In today’s times, we witness a phenomenon: a new kind of woman. She is assertive, professional, confident and financially independent. But here lies a twist: there are several appendages to this, all worth a microscopic examining, and awaiting serious analysis.
Let’s plunge into the heart of the matter: the husband/partner. The husbands of such women are often pitied. “Surely this is the reason why divorce rates are going up?” The successful, assertive woman is often seen as “aggressive”, her ability to negotiate seen as her “quarrelsome nature”.
The husbands of these “forward” women are often pitied by both men and other women: “Imagine being married to this powerful, go-getter of a woman! She must be fighting with him, making his life miserable.”
Now, I ask you, gentle reader: why aren’t the wives of aggressive men pitied? “Poor lady, being married to this ambitious, smart, powerful, articulate man! He must be beating her up all the time!” That’s what they both are in equal parts: smart and ambitious.
Vert clearly, there are double standards. The man is “powerful” if he can make himself heard and gets his way, the woman is just “intolerantly aggressive”. The man is “articulate” but the woman “talks too much”. Who will listen to her babbling after a point? He is smart enough to provide for his family all his life, but she is “too smart for her own good”. She doesn’t need money: why is she so selfish, grasping, crass and self-serving? If anything, she should work to uplift the underprivileged, but to work for herself is unbecoming for a lady! She should not understand finances, for that makes her “shrewd”. For finances, she should depend on the man in her life, who can pull her strings, or pull the rug from under her… Being a “business-minded” woman is the worst, her sharp astuteness is sneered at -- as opposed to the respect a businessman earns because, simply put, he “runs a successful business”. No questions asked, no judgments are laid at his doorstep.

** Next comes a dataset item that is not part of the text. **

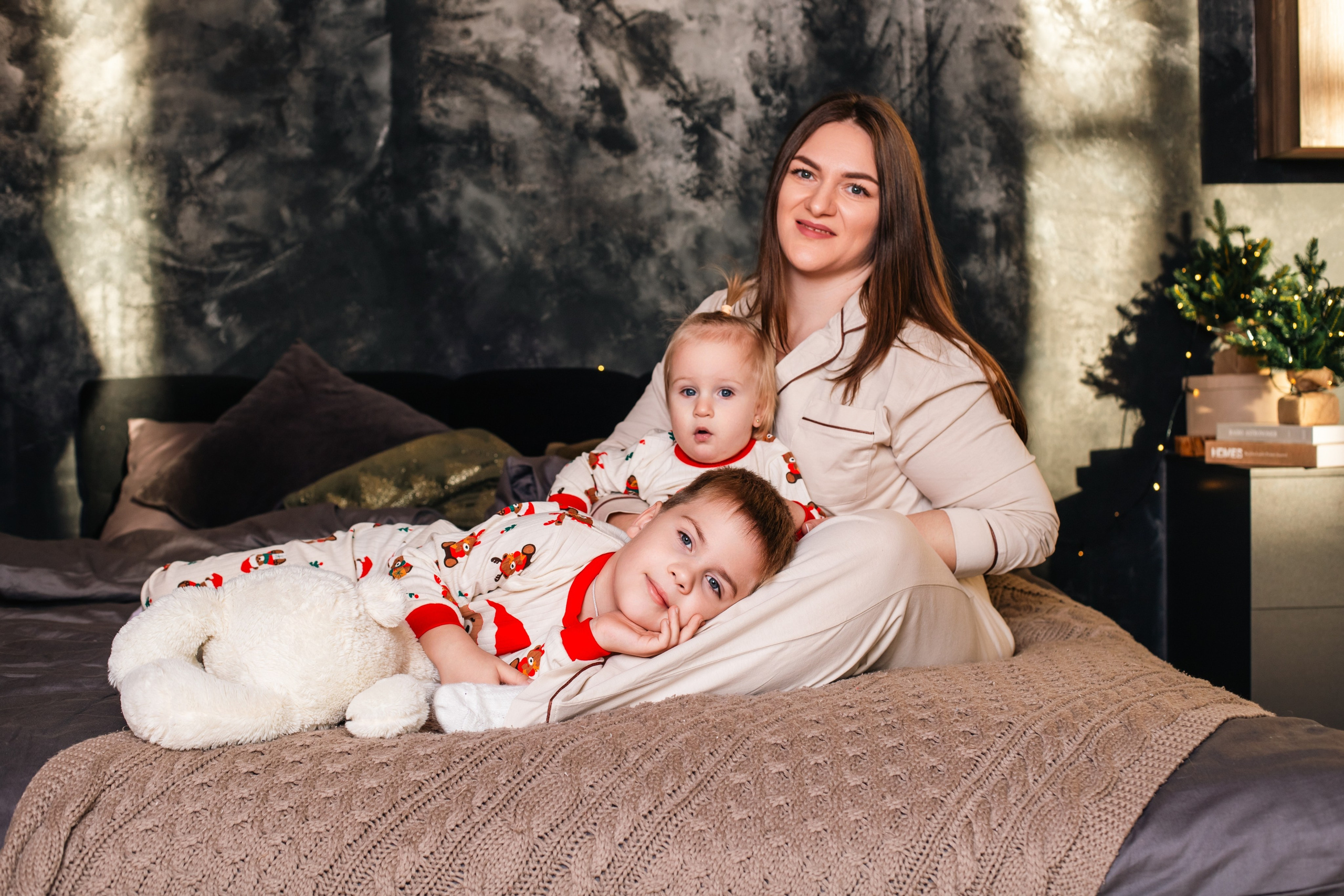 Катя с детками. Фотосессия под любой запрос в Красноярске. т+79237847111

In the past decades, more and more women have been stepping across the “lakshman rekha” drawn by men to keep them in their place, telling them to be meek, submissive, always smiling, pleasant to the eye, and ready to please.
Now, the “second sex” is stepping out in hordes and getting together, experiencing an epiphany of sorts. Their issues and problems have never been individual, but indeed universal. Their much-loved “protectors” have actually been the enemies they’ve either been sleeping with, or raising with so much pride.
Simone de Beauvoir wrote about the issues facing women in her book The Second Sex, we had Rebecca Solnit coining the infamous word “mansplaining”, wherein men explain to the (“bird-brained”) women the experiences or the work the latter are themselves living or doing. A dent was made by these writers, but it was only the rare intellectual who internalised what they said. Margaret Atwood has been another positive influence. In recent times, Mary Ann Sieghart and Carole Criado-Perez have written two remarkable and award-winning books in The Authority Gap and Invisible Women, presenting hard-core evidence to back what we always knew instinctively that women are the disenfranchised gender. In India, author Shrayana Bhattacharya gives us similar data in her book Desperately Seeking Shah Rukh, the Bollywood actor standing in as a symbol for that rare breed, the sensitive male. These books have been bought and distributed by corporates to display their inclusiveness and “gender diversity”.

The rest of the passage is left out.